Is everyone else right about English pet peeves?
Dear Annie: I considered myself an average student after graduating high school in 1970, and I have been very successful in my 36-year career as an insurance investigator. I have dealt with a wide range of cultures. I feel I’m of average intelligence and probably below average in my English and grammar skills — yet I find it amazing how most destroy the English language in everyday conversation. For instance, the use of the word “everybody.” I usually dismiss any statement beginning with “Everybody,” because about the only time that would apply is when saying that everybody has to breathe to live. At least 99 percent of the time, the mention of “everybody” or “everyone” is wrong.
I also have a problem with the phrases “I’ll be honest with you” and “to tell you the truth.” When a person is talking with you and all of a sudden he says “well, to be honest,” it is like, what has he been doing all this time, lying? Also, I can’t stand it when I ask someone whether she would mind my doing something and she says “yes” when she really means she would not mind.
These things occur in not only person-to-person conversations but also TV and radio commercials. Can you agree with this, or am I really below average and EVERYBODY is actually right? — AAGG in Ohio
Dear AAGG: Do you know there are some people who can’t stand the use of the word “like” as you used it? I say that not to shame you but to point out that while many of us have grammatical pet peeves (mine is the phrase “I could care less”), few, if any, of us have perfect grammar. Keeping this in mind might make conversations more bearable.
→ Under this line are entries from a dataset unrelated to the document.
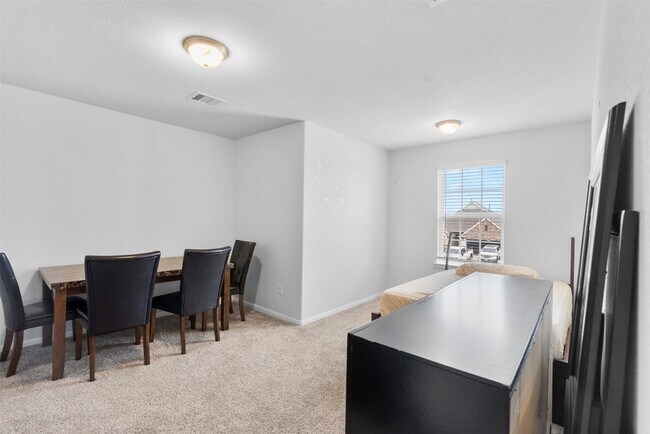 Building Photo - 2405 Bayrose Dr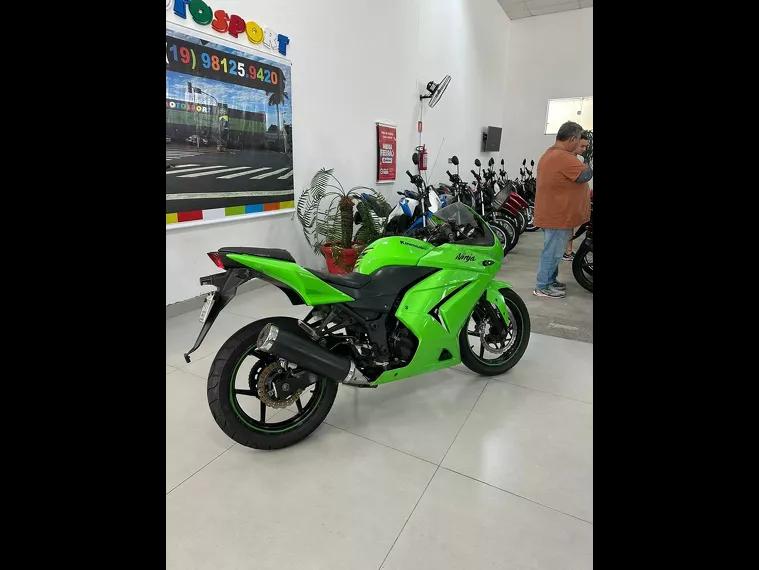 Kawasaki Ninja Verde 5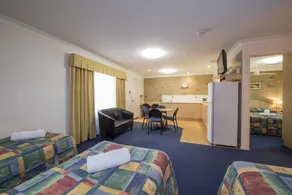 Cotswold Motor Inn - Room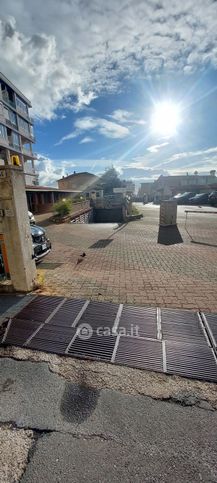 Box/posto auto in residenziale in Via Privata Tivoli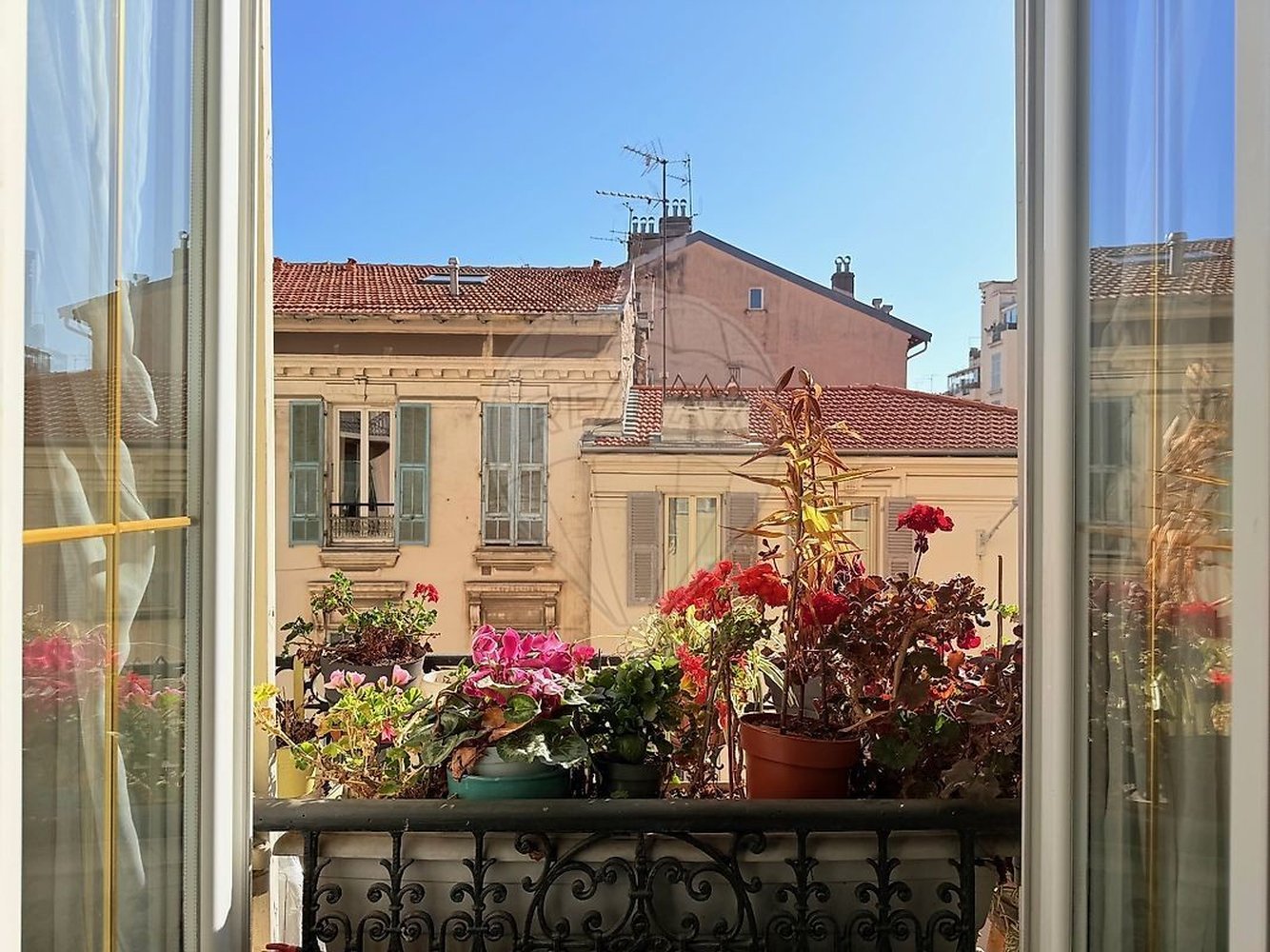 Property photo in Carre d'Or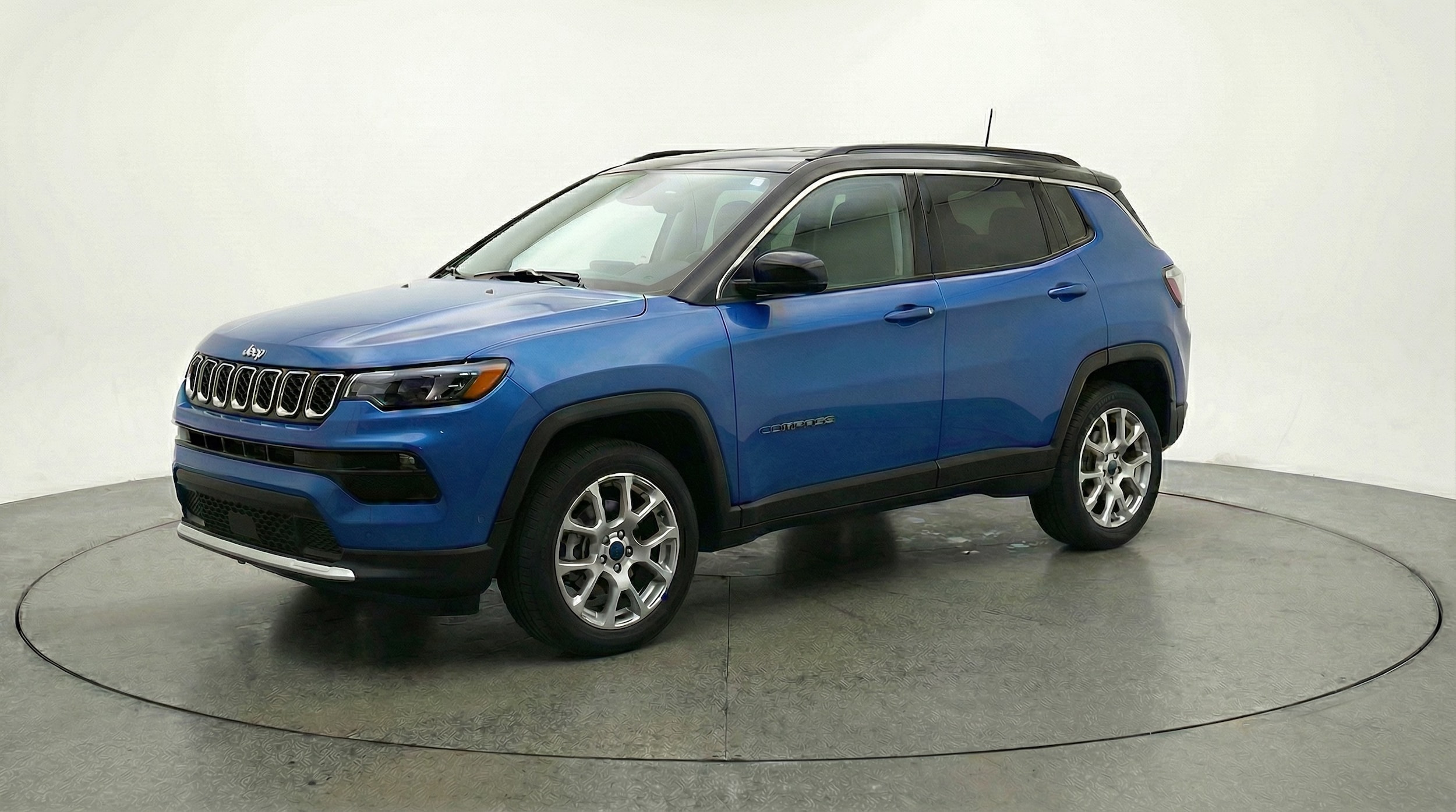 Thumbnail: 2025 Jeep Compass - 3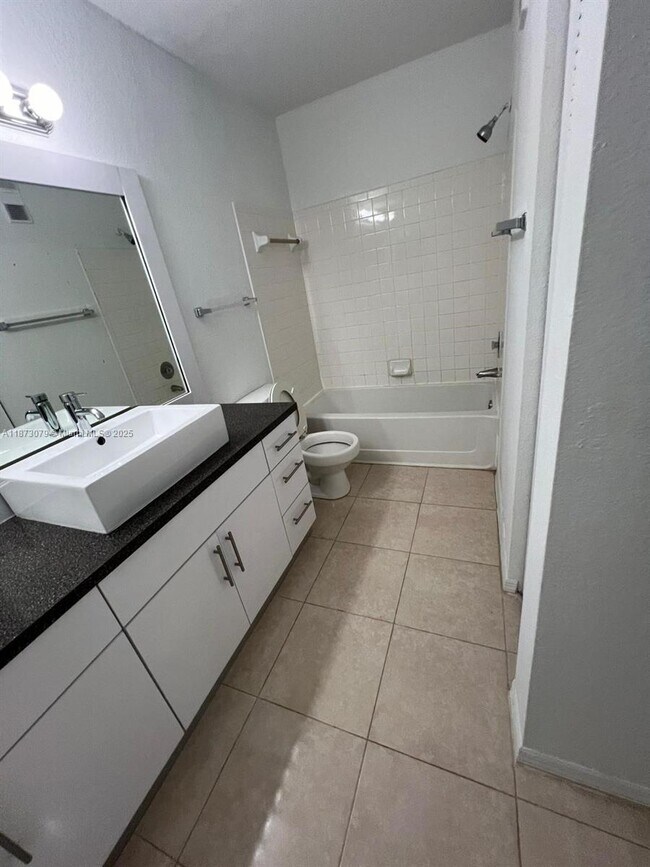 Photo - 3430 Pinewalk Dr N Unit 636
Dear Annie: My wife and I had a fairly active and adventurous sex life for the first few years of our marriage. We’ve now been married for 10 years, and for the past several years, things have gotten pretty dull. Though we’re still intimate regularly, it’s monotonous. She seems fine with that. I’ve asked her to do certain things (that we used to do), but she’s unwilling. I never try to force her, but I am feeling hurt and at a loss as to why she’s changed. I am in shape and take care of my body. What could be the problem? — Rejected
Dear Rejected: First, stop taking this as a personal rejection. It puts you in a place of self-pity and her in a place of defensiveness — an impossible angle from which to communicate. Second, accept that you’re not entitled to anything. Her not wanting to do something is reason enough. Preferences change, and just because she liked something 10 years ago doesn’t mean she has to like it now.
Keeping all that in mind, have you tried actually asking her what’s up? I mean really asking, not complaining. If not, that’s a good next step. Do so at a neutral time, outside the bedroom. At the end of the day, what matters is that you love each other and communicate.